I've posted previously about Oakwood Worldwide and a possible link with the CIA , and their partnership with the Marriott International who work with the Clintons in Haiti, and their real estate portfolio which includes properties within walking distance of Comet Ping Pong .
So, delving further. I've seen a list of people who have died at the Oakwood Apartments but for the moment, I can't find the link. Rick James is one of those stars that also met his end here.
The complex is described as : http://www.seeing-stars.com/Hotels/Oakwood.shtml
The Oakwood had once been called "the largest singles complex on earth,"
http://ew.com/article/2012/05/11/oakwood-apartments-michelle-williams-wuz-here/
Oakwood Worldwide is a corporate housing giant with 25,000 temporary-living locations throughout the world. The Toluca Hills outpost, perched on a hill between Hollywood and Burbank, was never intended to be a destination for aspiring child stars. When Oakwood’s activities director, Rosie Forti — a 64-year-old former seamstress with bad knees and a dramatic swoosh of white across her short black hair — first joined the company back in 1973, her job was to amuse a population of swinging singles. ”It was just a free-for-all,” recalls senior property manager Brett Hughett. That changed in 1988, when the Fair Housing Act added an amendment that made it illegal to deny housing to families with children.
It was a place for swingers: Oakwood Shedding Old Swinging Image
What clinched Oakwood's early reputation as "swinging singles central" was the fact that it was built by R&B Enterprises, a California company that was well-known in the Los Angeles area for its adults-only apartment developments -- and some of the adults-only games the tenants were said to play. Thus, Oakwood's reputation was assured before the first brick was in place.

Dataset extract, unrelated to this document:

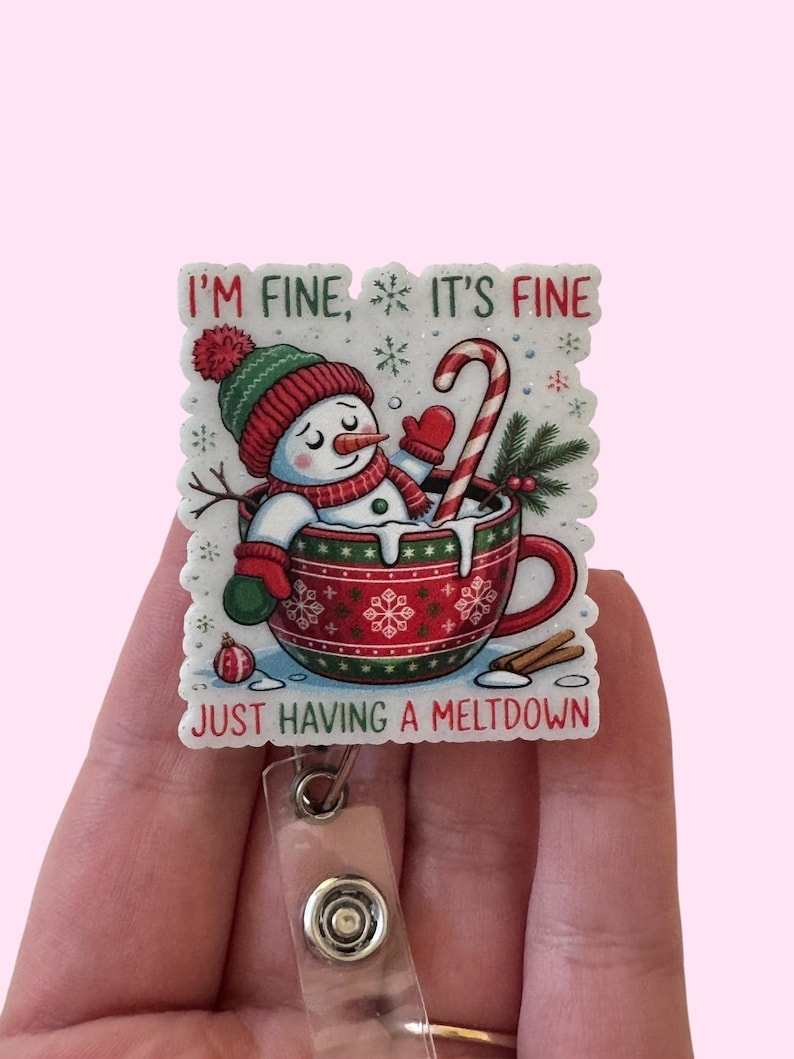 May include: A festive badge reel featuring a snowman in a red and green Christmas mug with a candy cane. The text reads "I'm fine, it's fine, just having a meltdown". The reel has a clear plastic strap and a metal button.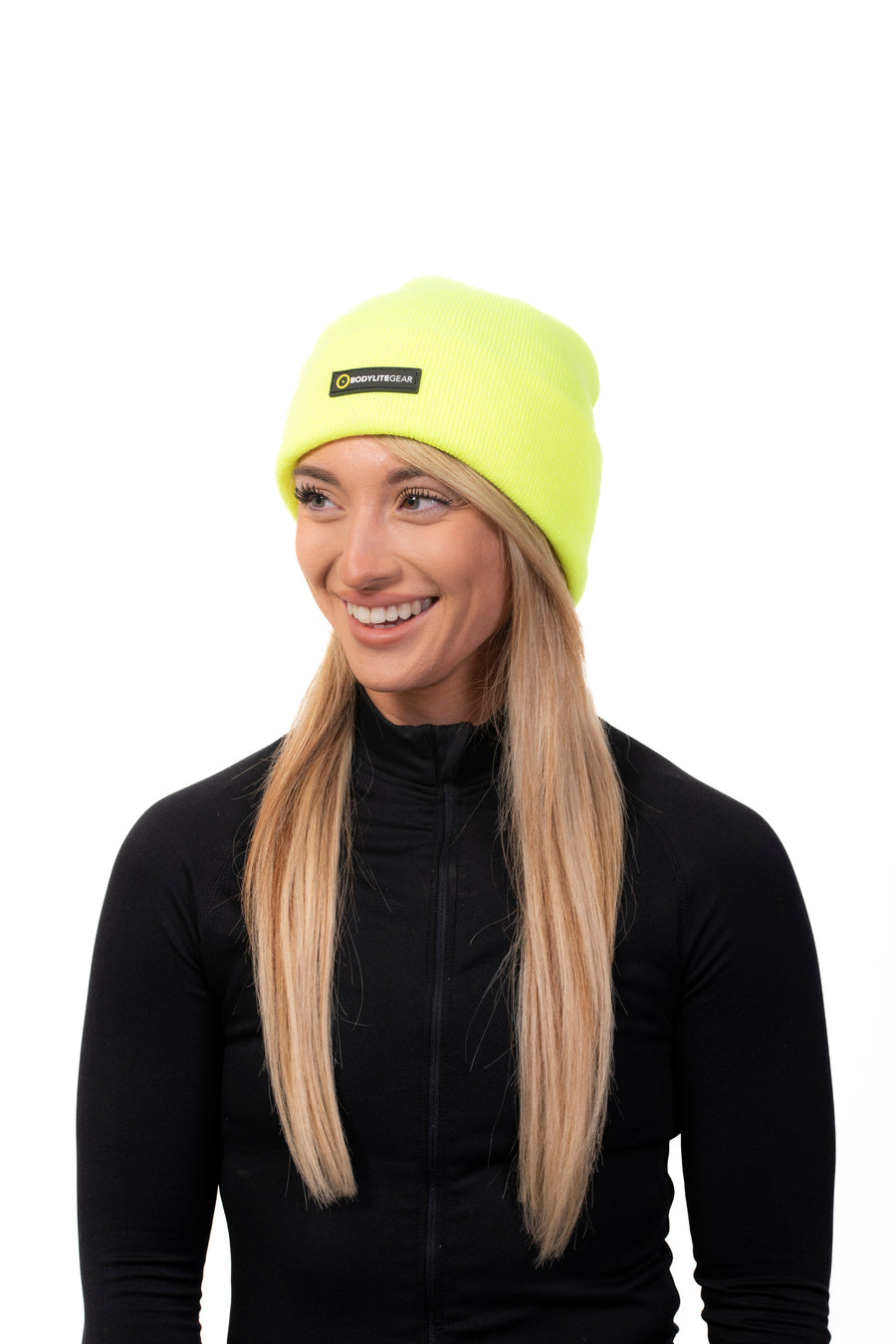 A woman wearing a neon yellow beanie and a black jacket. She is smiling and standing against a white background.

Another complex associated with Oakwood Worldwide >>>
Remembering Torrance's Singles-Only Apartments of the 1960s
The Milano Apartments is a nondescript, 248-unit complex in Torrance that's just sold for *$60.75 million (it's likely to continue being apartments). Few would guess, however, that it began life in 1965, and enjoyed considerable national fame, as The South Bay Club, one of the first singles-only apartment buildings, according to the Daily Breeze's South Bay History. The swinging singles domain was featured in Time magazine and the LA Times, with each outlet getting more and more salacious interviews from residents, described by the former as "500 single stewardesses, doctors, teachers, engineers, secretaries and salesmen" (so you can probably imagine the shenanigans they got up to). The party kept going until about 1969 when the marketing plan (and name) changed, and the SBC became a dreaded Oakwood, but those first four years sound pretty nuts.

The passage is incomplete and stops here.